Fix comes in from Development. The fix is to remove the marker for these users, which is a simple one line fix.
We test it. It is a low severity/low priority bug amongst all the other bug fixes we have to retest, to do a lot of testing in this area requires a lot of data set-up, so we just do a quick check. All is well.
The release goes to Live.
Everyone reading this knows what is going to happen next, otherwise there would be no point to this post! Yes, something was broken. True the users who were supposed not get their marker didn't get their marker, however, no other users were getting any marker either and this marker is relied on for important messages, as the users need to take action - no action means the user is prevented from using the system.
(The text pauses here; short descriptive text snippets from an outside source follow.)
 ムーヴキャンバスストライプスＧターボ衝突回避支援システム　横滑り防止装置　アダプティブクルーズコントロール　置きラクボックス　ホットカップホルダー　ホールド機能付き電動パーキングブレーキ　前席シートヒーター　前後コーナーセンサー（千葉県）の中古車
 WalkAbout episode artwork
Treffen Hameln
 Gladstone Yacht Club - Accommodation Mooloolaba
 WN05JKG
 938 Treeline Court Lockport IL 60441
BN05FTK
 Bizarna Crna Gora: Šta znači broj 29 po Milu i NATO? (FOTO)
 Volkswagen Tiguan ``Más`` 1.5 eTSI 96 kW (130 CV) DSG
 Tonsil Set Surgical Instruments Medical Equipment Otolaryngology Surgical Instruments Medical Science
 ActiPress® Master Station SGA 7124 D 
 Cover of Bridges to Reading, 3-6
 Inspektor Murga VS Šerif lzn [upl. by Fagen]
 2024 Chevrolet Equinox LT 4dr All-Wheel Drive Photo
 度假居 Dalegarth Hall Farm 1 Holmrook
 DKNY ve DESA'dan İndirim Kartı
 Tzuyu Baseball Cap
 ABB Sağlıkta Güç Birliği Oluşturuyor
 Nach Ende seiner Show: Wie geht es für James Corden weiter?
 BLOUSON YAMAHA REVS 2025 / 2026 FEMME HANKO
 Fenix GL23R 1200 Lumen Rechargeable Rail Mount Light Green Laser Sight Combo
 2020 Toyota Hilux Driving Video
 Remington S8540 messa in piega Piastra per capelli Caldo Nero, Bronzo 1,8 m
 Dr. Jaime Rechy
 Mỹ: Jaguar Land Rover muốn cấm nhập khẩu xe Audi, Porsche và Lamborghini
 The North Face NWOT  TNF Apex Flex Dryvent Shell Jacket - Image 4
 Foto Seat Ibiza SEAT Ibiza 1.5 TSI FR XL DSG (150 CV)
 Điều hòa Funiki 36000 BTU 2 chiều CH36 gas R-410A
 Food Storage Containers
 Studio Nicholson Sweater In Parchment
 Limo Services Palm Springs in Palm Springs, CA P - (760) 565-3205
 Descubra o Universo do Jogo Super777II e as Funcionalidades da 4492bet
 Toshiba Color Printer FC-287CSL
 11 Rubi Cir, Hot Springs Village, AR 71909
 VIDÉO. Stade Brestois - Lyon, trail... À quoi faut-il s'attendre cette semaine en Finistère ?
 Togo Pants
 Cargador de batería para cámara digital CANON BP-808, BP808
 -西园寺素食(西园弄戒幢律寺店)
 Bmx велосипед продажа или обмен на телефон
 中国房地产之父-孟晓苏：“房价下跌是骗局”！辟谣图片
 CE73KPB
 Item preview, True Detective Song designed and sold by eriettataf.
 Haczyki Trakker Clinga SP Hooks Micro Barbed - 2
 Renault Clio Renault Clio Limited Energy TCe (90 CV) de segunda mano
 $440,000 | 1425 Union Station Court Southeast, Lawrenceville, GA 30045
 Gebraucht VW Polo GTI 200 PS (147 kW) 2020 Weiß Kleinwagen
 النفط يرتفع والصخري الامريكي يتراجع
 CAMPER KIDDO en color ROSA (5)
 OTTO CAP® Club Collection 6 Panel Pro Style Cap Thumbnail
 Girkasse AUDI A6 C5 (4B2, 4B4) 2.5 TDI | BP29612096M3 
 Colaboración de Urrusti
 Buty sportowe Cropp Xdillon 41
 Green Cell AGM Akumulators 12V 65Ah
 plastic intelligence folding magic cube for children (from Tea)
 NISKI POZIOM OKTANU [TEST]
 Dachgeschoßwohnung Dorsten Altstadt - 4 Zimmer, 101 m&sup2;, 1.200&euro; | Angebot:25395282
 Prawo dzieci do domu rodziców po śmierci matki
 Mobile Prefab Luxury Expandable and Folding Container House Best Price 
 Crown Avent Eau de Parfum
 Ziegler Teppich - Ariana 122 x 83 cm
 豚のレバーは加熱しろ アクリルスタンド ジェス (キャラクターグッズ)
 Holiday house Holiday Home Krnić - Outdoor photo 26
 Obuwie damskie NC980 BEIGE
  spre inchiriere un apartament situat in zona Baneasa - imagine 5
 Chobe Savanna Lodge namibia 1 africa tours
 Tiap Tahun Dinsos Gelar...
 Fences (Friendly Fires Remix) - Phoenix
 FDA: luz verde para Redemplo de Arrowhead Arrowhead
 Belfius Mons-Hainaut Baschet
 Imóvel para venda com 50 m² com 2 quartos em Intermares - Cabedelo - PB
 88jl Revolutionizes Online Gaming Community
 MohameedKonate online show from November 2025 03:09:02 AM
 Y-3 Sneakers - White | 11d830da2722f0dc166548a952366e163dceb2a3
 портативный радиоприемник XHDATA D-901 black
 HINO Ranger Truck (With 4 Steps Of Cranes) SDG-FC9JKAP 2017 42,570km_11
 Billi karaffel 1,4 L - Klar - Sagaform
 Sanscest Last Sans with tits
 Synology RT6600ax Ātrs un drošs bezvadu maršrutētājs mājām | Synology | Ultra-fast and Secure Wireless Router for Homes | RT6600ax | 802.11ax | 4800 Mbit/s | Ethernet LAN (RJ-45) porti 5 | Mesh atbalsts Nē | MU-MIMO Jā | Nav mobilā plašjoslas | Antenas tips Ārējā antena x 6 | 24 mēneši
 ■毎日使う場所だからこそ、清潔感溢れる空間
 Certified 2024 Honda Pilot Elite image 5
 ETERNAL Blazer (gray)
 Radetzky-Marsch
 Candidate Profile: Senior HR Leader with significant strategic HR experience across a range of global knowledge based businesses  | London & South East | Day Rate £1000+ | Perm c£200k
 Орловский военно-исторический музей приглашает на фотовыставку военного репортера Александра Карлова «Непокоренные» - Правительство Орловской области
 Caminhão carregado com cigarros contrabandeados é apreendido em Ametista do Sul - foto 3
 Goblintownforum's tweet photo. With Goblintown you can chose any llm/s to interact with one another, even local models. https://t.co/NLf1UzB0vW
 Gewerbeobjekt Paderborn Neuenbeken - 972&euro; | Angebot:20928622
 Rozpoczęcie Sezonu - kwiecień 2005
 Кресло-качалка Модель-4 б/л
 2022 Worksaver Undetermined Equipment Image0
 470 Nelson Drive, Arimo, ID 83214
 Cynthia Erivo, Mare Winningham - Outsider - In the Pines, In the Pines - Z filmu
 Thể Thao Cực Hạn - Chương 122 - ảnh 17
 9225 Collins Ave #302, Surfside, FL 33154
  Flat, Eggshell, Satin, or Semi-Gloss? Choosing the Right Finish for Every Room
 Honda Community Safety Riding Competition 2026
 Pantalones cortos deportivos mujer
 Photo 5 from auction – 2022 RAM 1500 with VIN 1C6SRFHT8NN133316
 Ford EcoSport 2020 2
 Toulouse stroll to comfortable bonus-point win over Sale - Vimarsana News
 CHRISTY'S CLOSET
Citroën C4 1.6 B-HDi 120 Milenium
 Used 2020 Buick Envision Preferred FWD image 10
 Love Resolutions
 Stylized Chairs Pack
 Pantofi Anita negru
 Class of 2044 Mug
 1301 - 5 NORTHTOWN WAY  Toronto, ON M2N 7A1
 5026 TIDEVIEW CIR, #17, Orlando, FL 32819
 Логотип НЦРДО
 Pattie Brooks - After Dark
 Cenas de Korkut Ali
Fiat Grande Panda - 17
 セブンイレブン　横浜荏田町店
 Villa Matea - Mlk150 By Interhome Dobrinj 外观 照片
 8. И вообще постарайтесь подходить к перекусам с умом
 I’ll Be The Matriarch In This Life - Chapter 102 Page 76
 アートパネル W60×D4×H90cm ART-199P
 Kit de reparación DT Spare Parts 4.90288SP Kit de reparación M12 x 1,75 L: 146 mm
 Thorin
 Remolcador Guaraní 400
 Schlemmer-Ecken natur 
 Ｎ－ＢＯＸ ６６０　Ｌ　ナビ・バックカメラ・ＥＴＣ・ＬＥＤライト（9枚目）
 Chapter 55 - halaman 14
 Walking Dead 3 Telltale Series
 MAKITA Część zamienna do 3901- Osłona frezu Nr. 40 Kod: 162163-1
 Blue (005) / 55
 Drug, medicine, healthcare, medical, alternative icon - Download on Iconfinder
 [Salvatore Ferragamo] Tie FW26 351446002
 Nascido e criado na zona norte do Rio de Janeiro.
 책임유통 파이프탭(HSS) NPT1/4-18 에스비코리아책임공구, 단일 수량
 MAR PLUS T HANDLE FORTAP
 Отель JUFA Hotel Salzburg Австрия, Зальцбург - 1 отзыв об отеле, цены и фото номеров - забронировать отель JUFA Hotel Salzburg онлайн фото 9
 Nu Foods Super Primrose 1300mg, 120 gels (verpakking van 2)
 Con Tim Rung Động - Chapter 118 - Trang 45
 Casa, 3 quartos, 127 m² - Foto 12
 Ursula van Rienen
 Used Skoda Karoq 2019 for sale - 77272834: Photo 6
Not getting the marker meant some users were not actioning and getting locked out of the system.
Big “oops”.
OK, so all test groups make this type of error sooner or later and we learn from them (sort of, sometimes we don't). But the whole episode made me think about Michael Bolton's distinction between “checking” and “testing”. What we tend to do on low severity bug retests are “checks”. Heck, we have already tested this area once, lets just check the fix. We might do some regression testing, maybe through running an automated suite, but we rarely test a bug fix that is low severity.. Maybe other test groups do more testing on this type of bug fix, but mostly my group doesn't.
So, I asked myself, SHOULD we have done more testing? In order to answer that, I looked back at all the low severity bugs we had found, over 3000 of them. I looked at how many of these fixes had either failed retest and/or caused a problem in Live. Few had failed retest, less than 1 percent. I could only find one other low severity problem that had caused a problem in Live and that was also low severity. I also estimated what would it have taken to test these fixes rather than check them? A lot was the answer. The rate of return for putting testing effort into these bug fixes would have been incredibly low.
So, my conclusion was that, yes it was bad that the bug got through, but I don't want to start testing low severity bugs, it will cost too much effort that would be better targeted at more important areas finding more important bugs. I will just have to take the risk that another low severity bug fix will cause a problem in Live.
Testing is all about assessing risks and acting accordingly.